Sia la profezia che il racconto della nascita chiariscono la natura eccezionale dell’evento.

Tale eccezionalità trova conferma anche nei frutti della vita del bambino nato.

Altri eventi più o meno contemporanei che lì per lì sarebbero stati considerati di gran lunga più importanti, appaiono come relativamente insignificanti quando i loro frutti vengono paragonati ai frutti prodotti dalla vita e l’opera dell’Emmanuele.

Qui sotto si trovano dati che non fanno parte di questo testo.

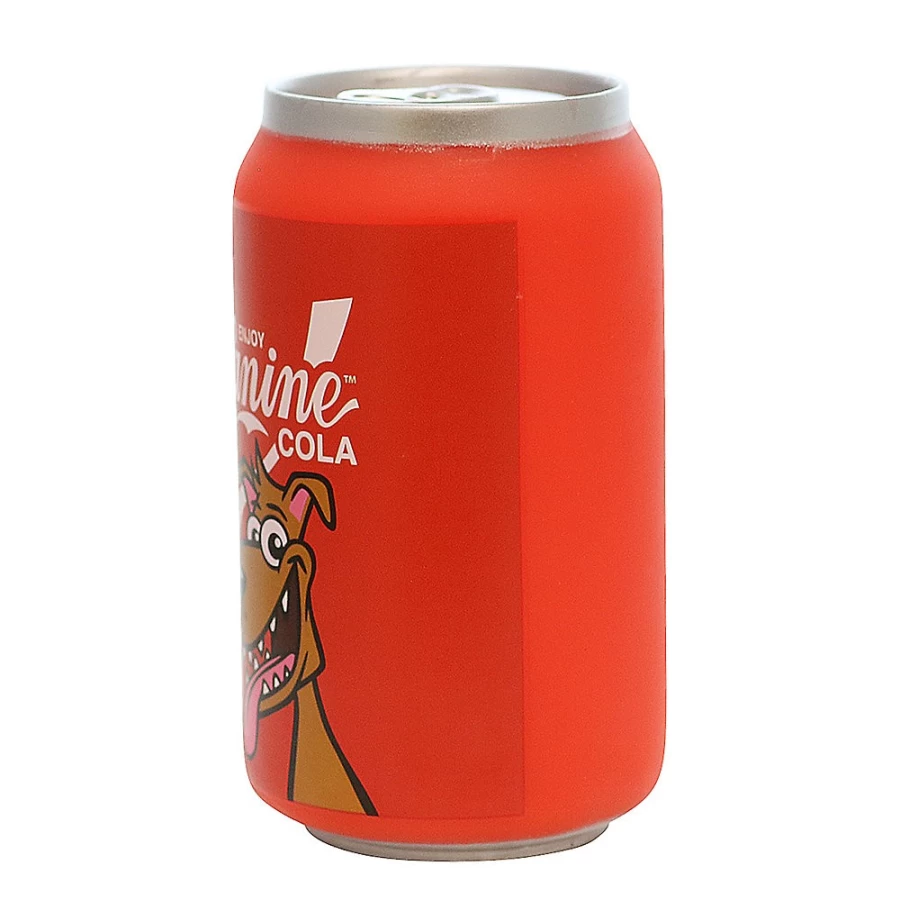 PetSmart TUFFY Squeaky Dog Toy - Silly Squeakers Canine Cola Soda Can Chew Toy for Dogs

Prendiamo ad esempio la nascita di Cesare Augusto, l’imperatore romano nominato nel resoconto di Luca della nascita di Gesù (Luca 2,1).

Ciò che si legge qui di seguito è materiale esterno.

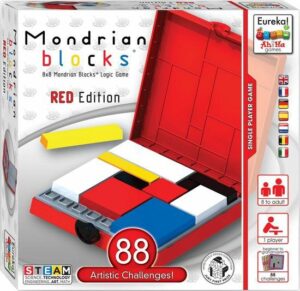 Galvosūkis Ah!HA Mondrian Blocks Red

Nel 9 a.C. l’assemblea provinciale dell’Asia antica emanò un editto che descrisse la sua nascita nei seguenti termini: «la nascita del dio (Cesare Augusto) è stato per tutto il mondo l’inizio del vangelo che lo concerne». Lo stesso editto invitò tutti gli uomini a «calcolare una nuova era a partire dalla data della sua nascita» (4).

Ora non c’è dubbio che Ottaviano fece molto per meritare il titolo «Augusto» conferitogli nel 27 a.C. però, alla prova dei fatti l’umanità non ha visto opportuno calcolare il passaggio del tempo dalla data della sua nascita.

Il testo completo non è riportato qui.